Given the material below, output exactly the lines from the line with "AMELIA COTTON AND" to the line with "Thumbnail for USB", both ends included, and no other lines.
─── DATA TO USE
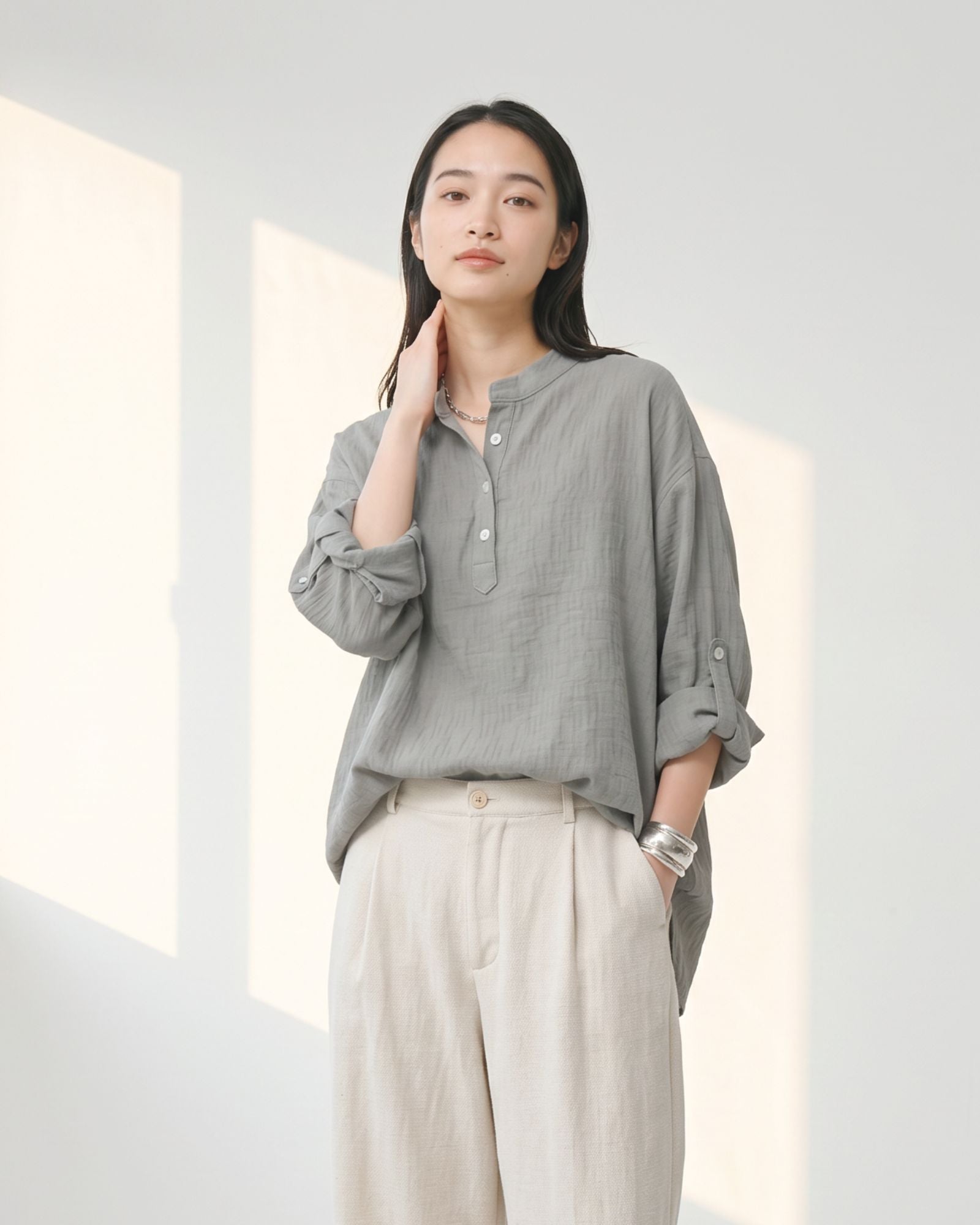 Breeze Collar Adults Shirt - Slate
──────
─── DATA TO USE
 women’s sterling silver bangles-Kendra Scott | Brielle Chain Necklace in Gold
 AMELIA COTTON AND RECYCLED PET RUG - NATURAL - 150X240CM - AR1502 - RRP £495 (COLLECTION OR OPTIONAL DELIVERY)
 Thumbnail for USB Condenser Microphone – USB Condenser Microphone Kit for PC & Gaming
──────
- FINISHED TASK
 AMELIA COTTON AND RECYCLED PET RUG - NATURAL - 150X240CM - AR1502 - RRP £495 (COLLECTION OR OPTIONAL DELIVERY)
 Thumbnail for USB Condenser Microphone – USB Condenser Microphone Kit for PC & Gaming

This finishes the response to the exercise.